A few solutions would be:

  • If you really want to do the host-device-host copy yourself, switch from a 2D array notation to a flattened 1D notation, as you will only need to use a small formula to loop through the rows. And then do a host-device copy with one single cudaMemcpy operation copying the entire dataset, like:
cudaMemcpy(h_object, d_object, N * sizeof(nConnType), cudaMemcpyHostToDevice);

Of course this is just a concept and not actual working code, so you would have to adjust it.

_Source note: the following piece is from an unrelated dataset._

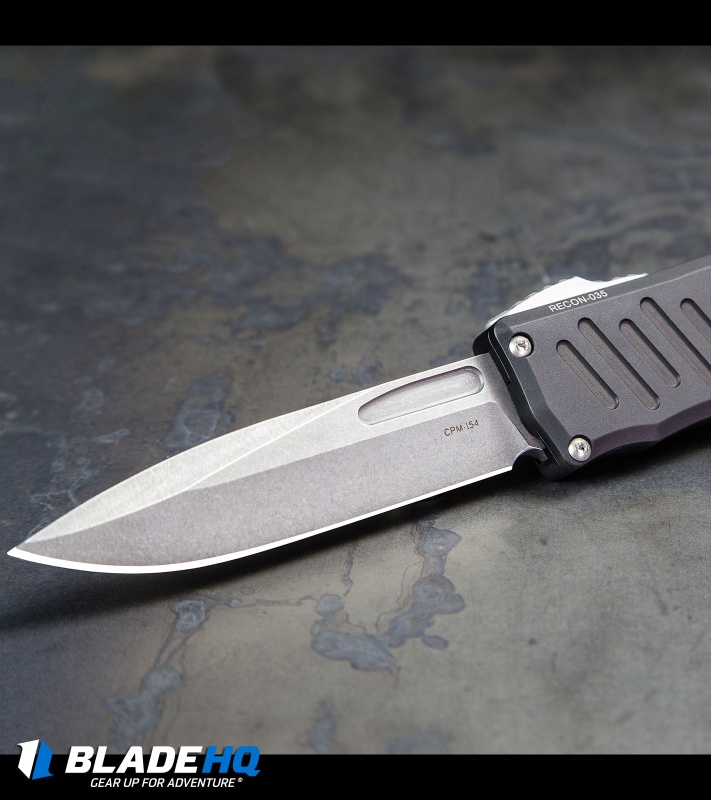 Guardian Tactical RECON-035 D/A OTF Automatic Knife (3.3" Stonewash) 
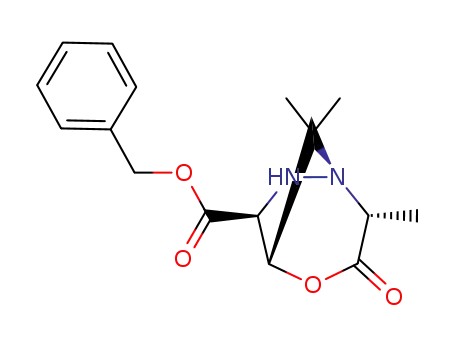6-<(benzyloxy)carbonyl>-2,8,8-trimethyl-3-oxo-1,7-diaza-4-oxabicyclo<3.2.1>octane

  • Use cudaMallocManaged memory, where the driver is responsible for moving the dataset to host if you reference to it from the host, and to device if you reference it from the device.
  • If you are a regular STL user, you may want to check Thrust.
  • If you really want to stick to 2D notation, there is cudaMemcpy2D(), but I really discourage you to follow a more complicated route. Flattened 1D arrays will always work, specially if you have to pass them to functions.

Thanks for the help.

I have to do the host to device element by element copy because the to transfer datasize is different every iterations. Since cudamallocmanaged doesn’t have a realloc functional do this efficiently. Also a priori I don’t know what space to allocate. Retrieving a flattened 1D scenario is not really a ‘small’ formula I guess.